Nelsons Island

Geography
- Location: Indian Ocean
- Coordinates: 05°40′53″S 72°18′39″E﻿ / ﻿5.68139°S 72.31083°E
- Archipelago: Chagos Archipelago
- Area: 0.11 sq mi (0.28 km^{2})
- Length: 1.0 mi (1.6 km)
- Width: 0.1 mi (0.2 km)

Administration
- United Kingdom
- Mauritius
- Outer Islands: Chagos Archipelago

= Nelsons Island =

Uninhabited island in the Chagos Archipelago in the Indian Ocean

Nelsons Island or Nelson Island or Île Legour is a small uninhabited island in the Great Chagos Bank, of the Chagos Archipelago in the Indian Ocean. As a protected nature reserve, access to the island is strictly restricted.
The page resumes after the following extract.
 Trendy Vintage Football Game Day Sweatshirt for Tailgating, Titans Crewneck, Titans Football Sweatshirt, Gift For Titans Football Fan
The island is administered by the British Indian Ocean Territory, an overseas territory of the United Kingdom, but is due to become part of Mauritius following a 2025 agreement.

== Geography ==
The island is the northernmost and the easternmost island of the Great Chagos Bank, which is the world's largest coral atoll structure. The nearest neighbouring island is Île Boddam in the Salomon Islands, 22 mi north-northwest from Nelsons Island. The island is 11 miles SSE of the wholly submerged Victory Bank atoll.

Nelsons Island occupies the only emerging reef structure in the northern fringe of the Great Chagos Bank. The island stretches in an East-West direction, with a length of 1.6 km and 250 m wide in its broadest area. There is a small, low-lying islet to the east called Îlot Legour.

In terms of its geology, detailed photographic images show evidence of a coral limestone core that has been overlaid by sandy loam.

== History ==
The first recorded discovery of the island was by a Mr Legour from Port Louis, Mauritius in 1820, with the island initially being called Isle Legour.

There are no records of the island being inhabited, even between the 17th and the 20th century when there were coconut plantations on other islands of the Chagos Archipelago.

== Wildlife ==
Nelsons Island has been identified as an Important Bird Area by BirdLife International, and is legally protected as a Strict Nature Reserve – making it an offence to visit the island without the written permission of the Government of the British Indian Ocean Territory.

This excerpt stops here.